# Directions
From the line that holds "The last voyage of Captain James Cook" to the end of the records, reproduce every line exactly. No pictures.

---

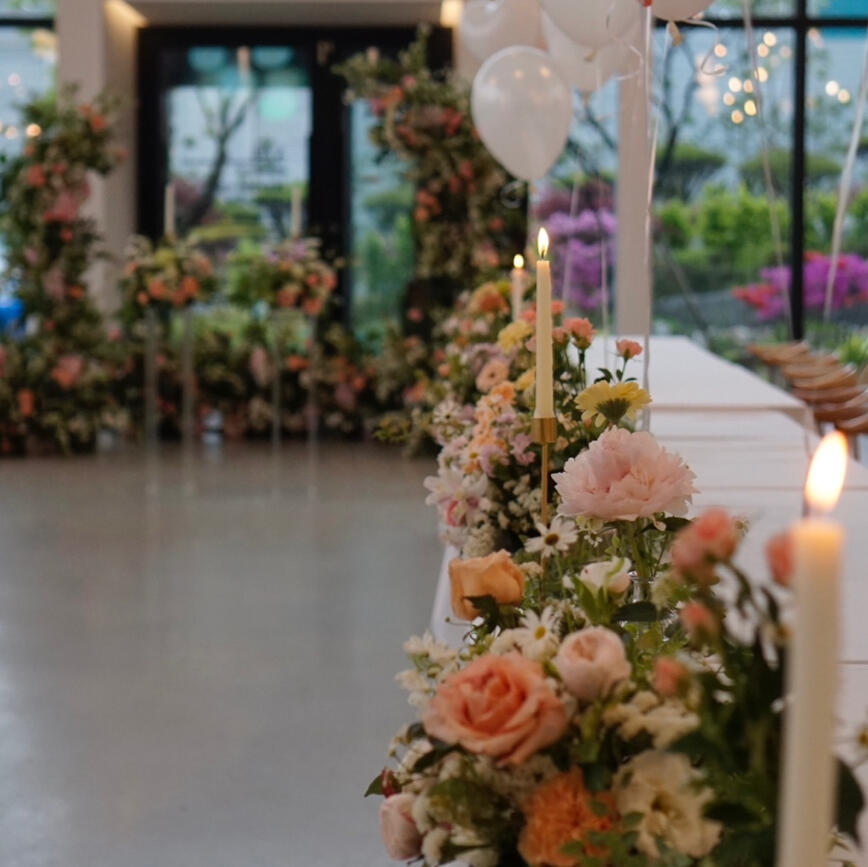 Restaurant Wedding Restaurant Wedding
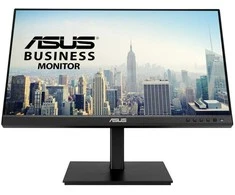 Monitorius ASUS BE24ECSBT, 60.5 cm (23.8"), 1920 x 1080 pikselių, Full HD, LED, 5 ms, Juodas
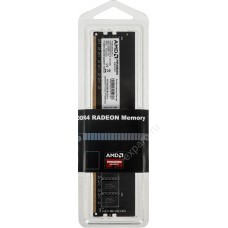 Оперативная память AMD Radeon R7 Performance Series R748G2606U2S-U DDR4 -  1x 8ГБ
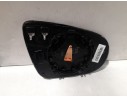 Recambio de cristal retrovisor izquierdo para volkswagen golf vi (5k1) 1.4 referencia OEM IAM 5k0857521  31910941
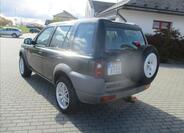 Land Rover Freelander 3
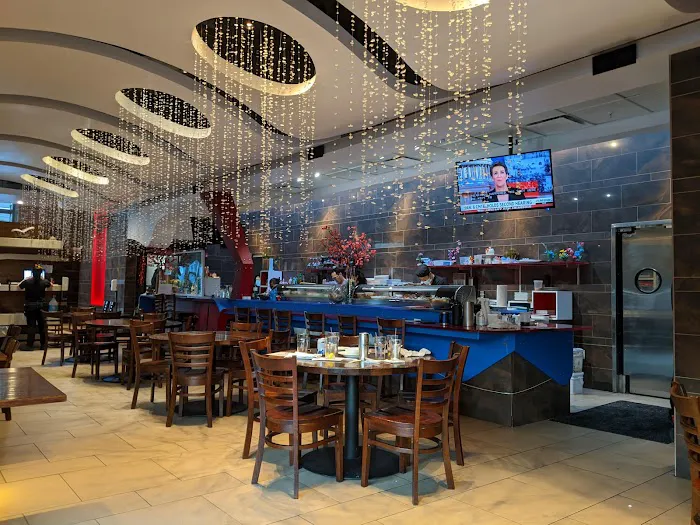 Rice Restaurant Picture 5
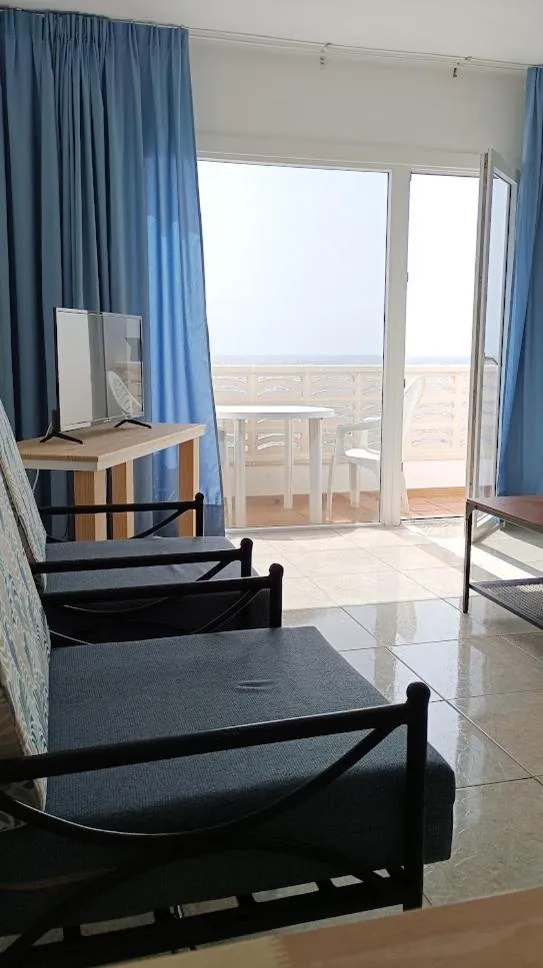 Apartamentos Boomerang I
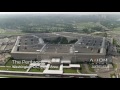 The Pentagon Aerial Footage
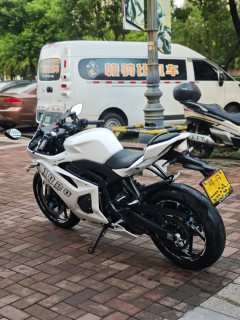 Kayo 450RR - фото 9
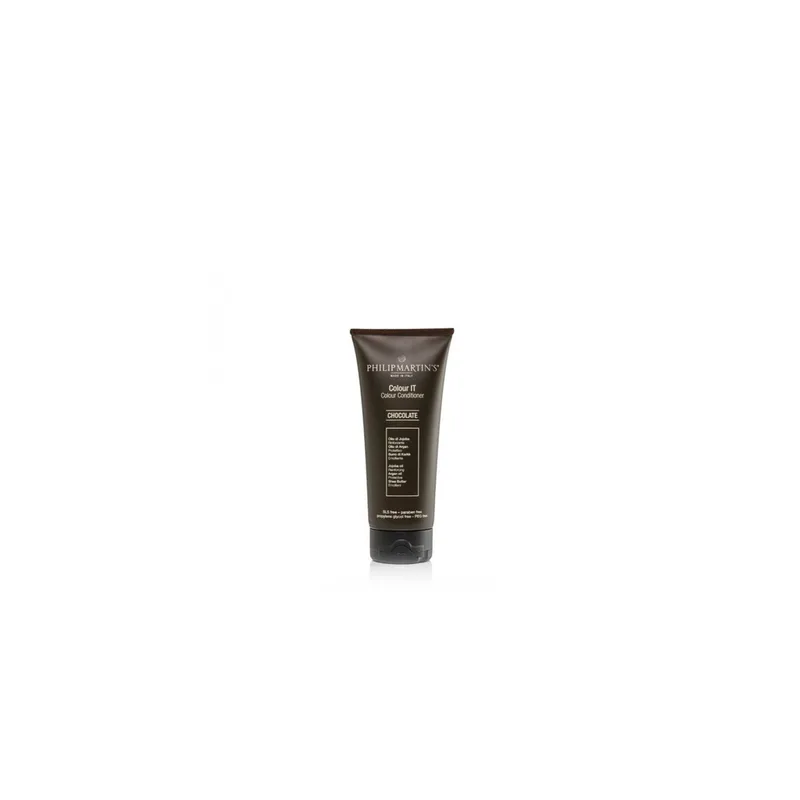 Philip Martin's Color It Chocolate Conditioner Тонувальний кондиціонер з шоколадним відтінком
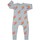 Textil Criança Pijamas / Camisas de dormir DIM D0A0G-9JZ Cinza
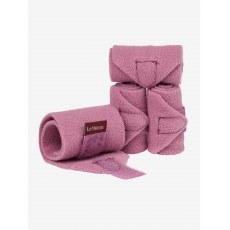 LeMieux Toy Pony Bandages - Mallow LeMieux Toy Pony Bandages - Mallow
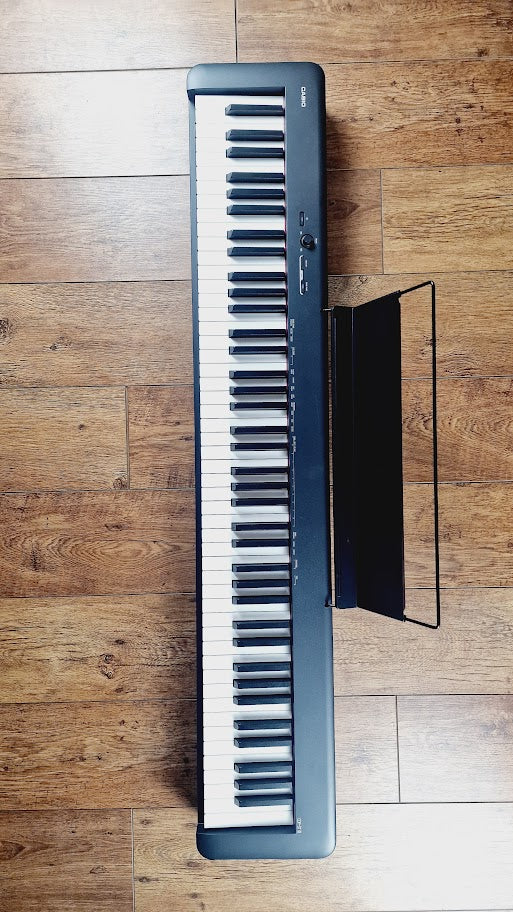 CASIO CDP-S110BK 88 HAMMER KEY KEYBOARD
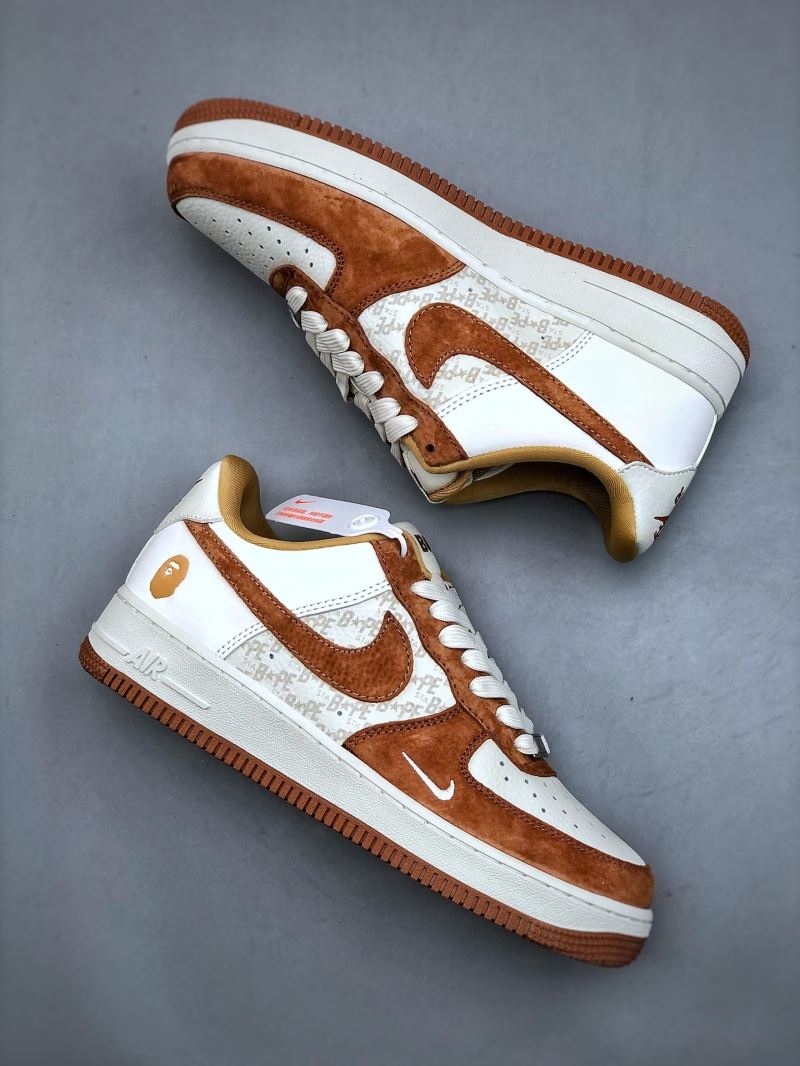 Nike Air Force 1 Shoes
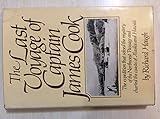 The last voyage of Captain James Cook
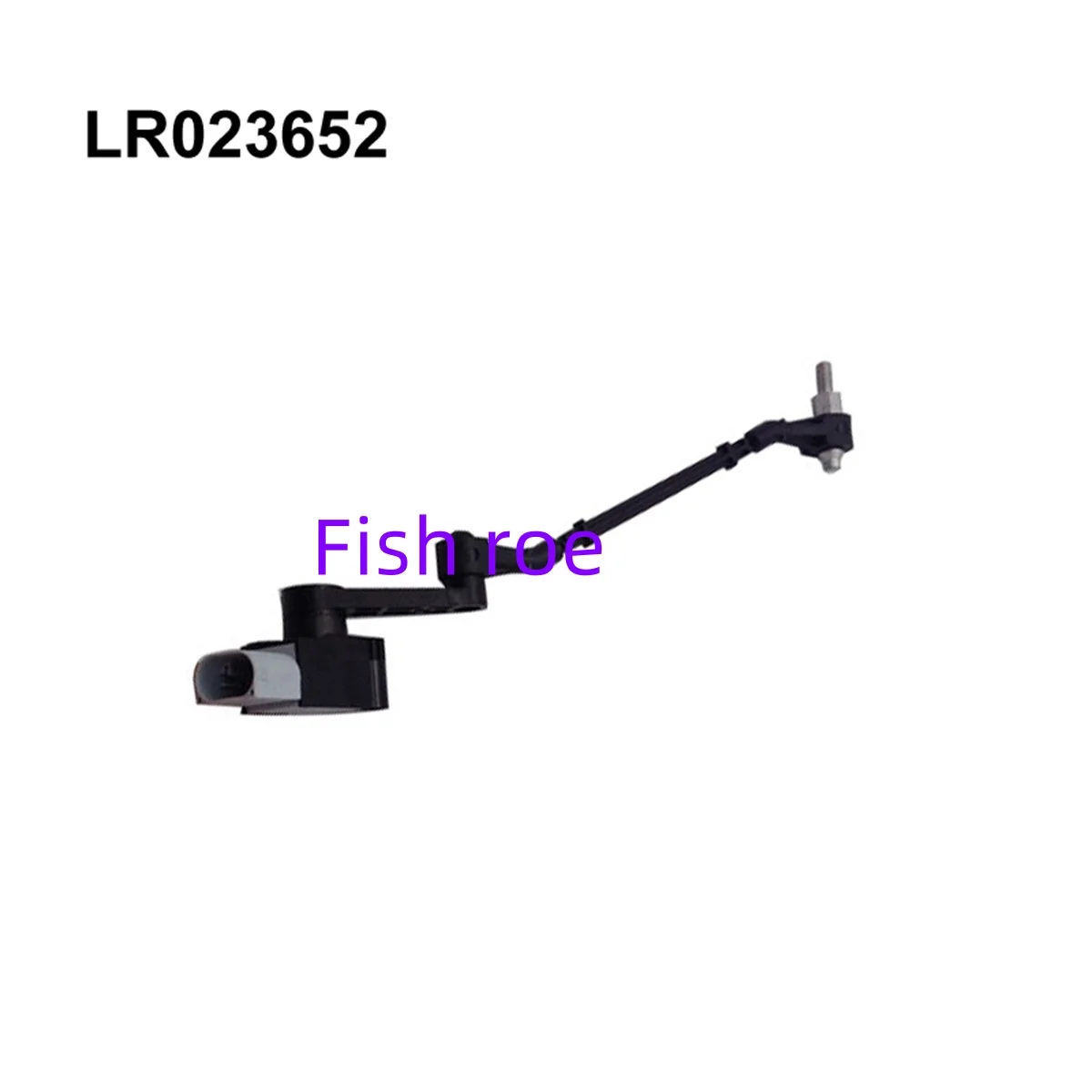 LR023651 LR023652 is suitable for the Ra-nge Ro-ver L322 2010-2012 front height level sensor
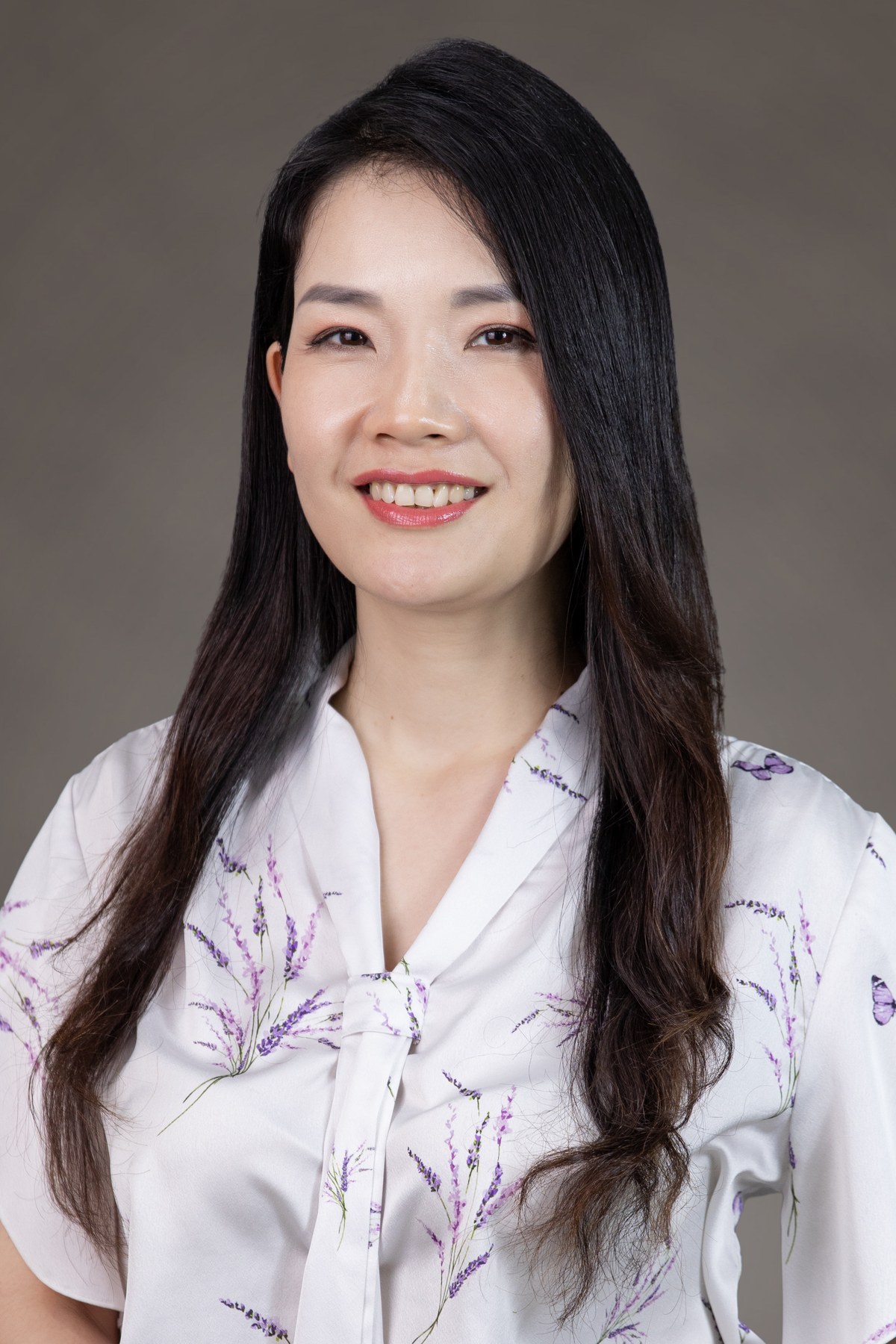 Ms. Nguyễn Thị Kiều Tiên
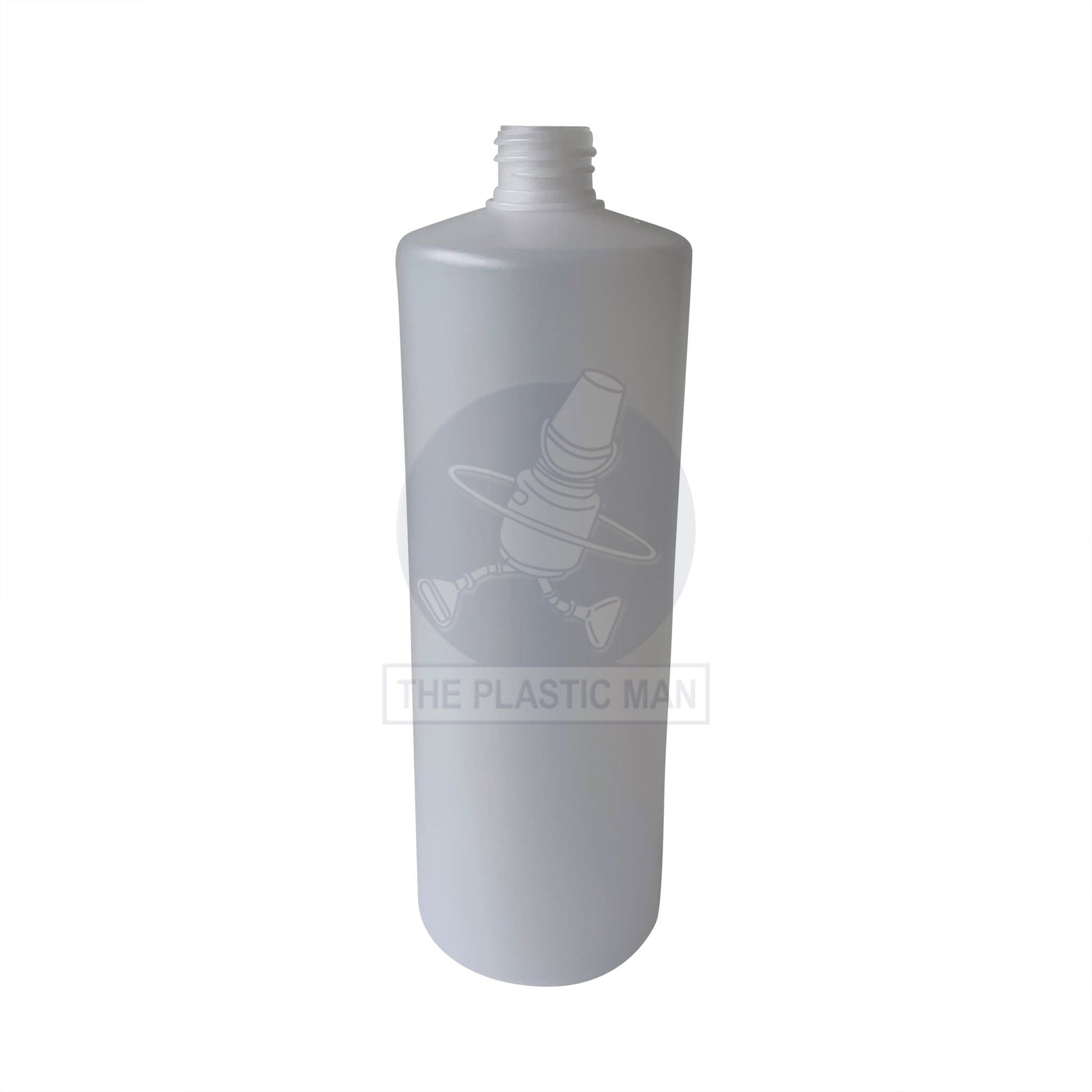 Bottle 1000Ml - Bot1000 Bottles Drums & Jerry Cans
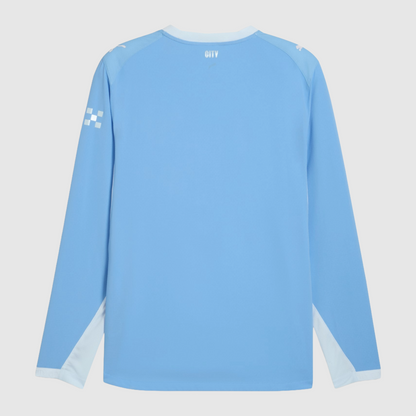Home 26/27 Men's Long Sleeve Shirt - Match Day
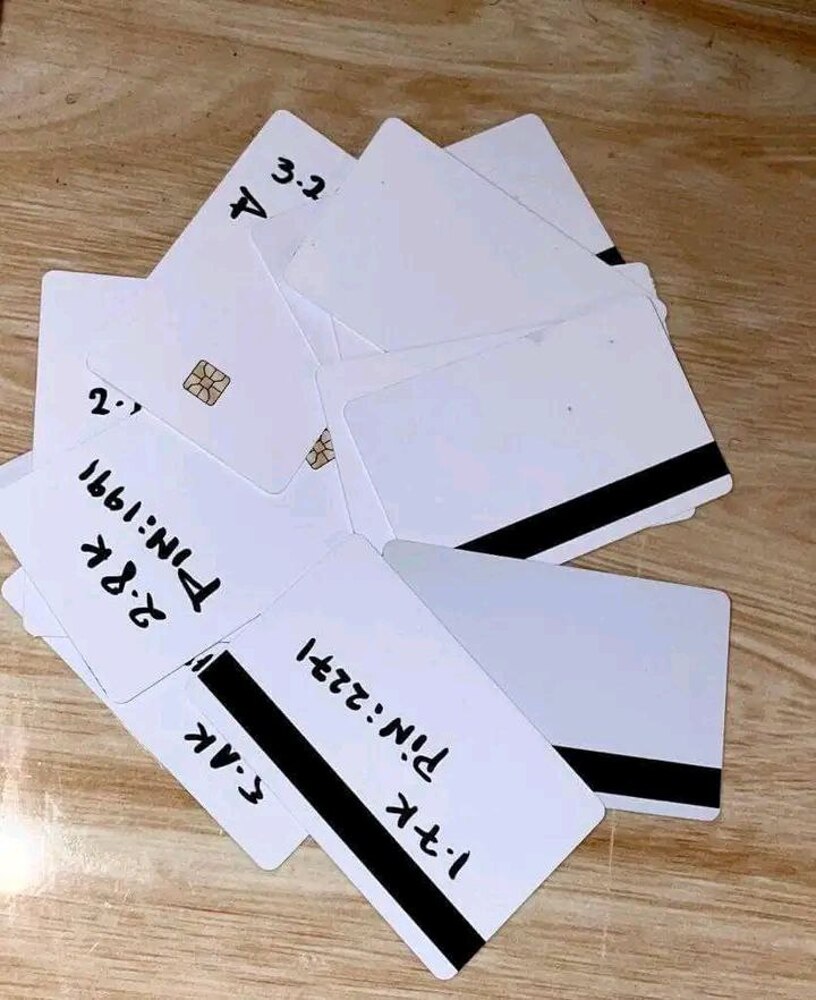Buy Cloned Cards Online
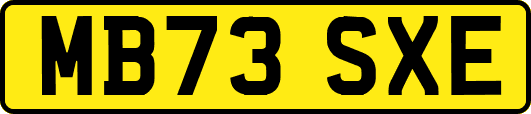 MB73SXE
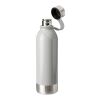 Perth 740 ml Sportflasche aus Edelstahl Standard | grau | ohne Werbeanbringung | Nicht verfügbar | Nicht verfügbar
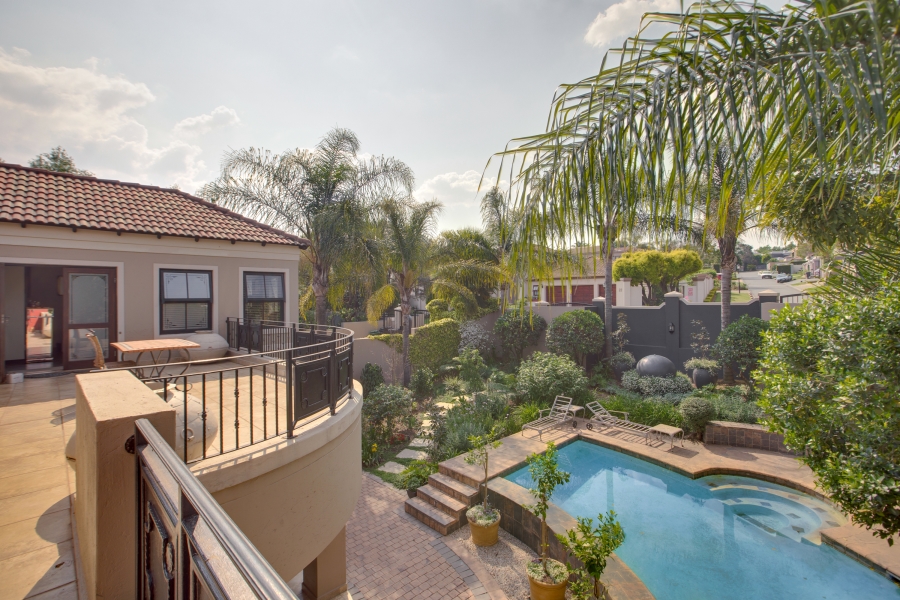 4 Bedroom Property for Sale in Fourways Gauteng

---

# Answer area
 The last voyage of Captain James Cook
 LR023651 LR023652 is suitable for the Ra-nge Ro-ver L322 2010-2012 front height level sensor
 Ms. Nguyễn Thị Kiều Tiên
 Bottle 1000Ml - Bot1000 Bottles Drums & Jerry Cans
Home 26/27 Men's Long Sleeve Shirt - Match Day
Buy Cloned Cards Online
 MB73SXE
 Perth 740 ml Sportflasche aus Edelstahl Standard | grau | ohne Werbeanbringung | Nicht verfügbar | Nicht verfügbar
 4 Bedroom Property for Sale in Fourways Gauteng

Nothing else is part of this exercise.